Although the wiring of the cable or adapter are similar for analog a digital applications; there are important difference in how a balanced analog output and digital output will react to these connections.
Analog
There are three types of balanced analog outputs:
- Transformer-coupled- this type of output is effectively “floating” by nature unless one side or the other (“+” connection or “-” connection) is connected to ground. It is referred to as “floating” because it is not “tied” to ground electrically. This also means it is OK to ground one of the signal conductor in unbalanced connection. Due to the unique nature of this output, the level is the same whether the output is connected to balanced or unbalanced connections.
- Electronic output with automatic sensing- this type of output is convenient because a “cross-coupled” circuit allows the amplifier to “sense” when one of the outputs is grounded. This both prevents an active output from trying to drive a “short circuit” caused by connecting it to ground, and boosts the gain of the active (un-grounded) output by 6dB to compensate for the signal level lost when one-half of the signal is removed by grounding one of the two outputs.
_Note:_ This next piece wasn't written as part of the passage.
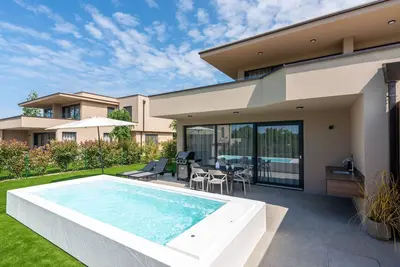 Quercus Village App 12 mit privatem Pool by Interhome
Unless care is taken in how one of the two outputs is grounded; the distortion performance of this type of output can be significantly degraded. Even when carefully connected to the best available ground; this type of output cannot achieve the lowest distortion available from electronic outputs that are not “auto-sensing” in design. These outputs are “ground referenced” as versus “floating.”
- Electronic output without automatic sensing- this type of output offers the advantage of the lowest distortion under all operating modes. With this type of output; it is very important to properly configure the output connection so that audio ground is connected to the Pin that will be grounded by the unbalanced connections (typically Pin 3). This is usually accomplished by changing a jumper setting inside the unit or via a setting. These outputs are “ground referenced” as versus “floating;” and by using only one of the two active outputs, the output level is reduced by 6dB for the same output level setting. Please note that all Lavry analog balanced outputs are of this design; so it is important to properly configure the output before making unbalanced connections to avoid increased distortion of the audio signal. The outputs are protected against short-circuits; so it is very unlikely that any damage would result if an output is improperly connected; unless operated in this manner for an extended period of time.
Digital
All Lavry AES/XLR digital inputs and outputs are transformer-coupled. This means that Pin 1 and Pin 3 can be (and should be) connected together in adapters or adapter cables used to make connections to coaxial S-PDIF inputs or outputs. The only exception would be where shielded twisted-pair cable is used in an adapter cable to connect an S-PDIF (unbalanced) output to an AES/XLR input. If the Shield is connected at the XLR end; Pin1 and Pin 3 would not be connected to each other.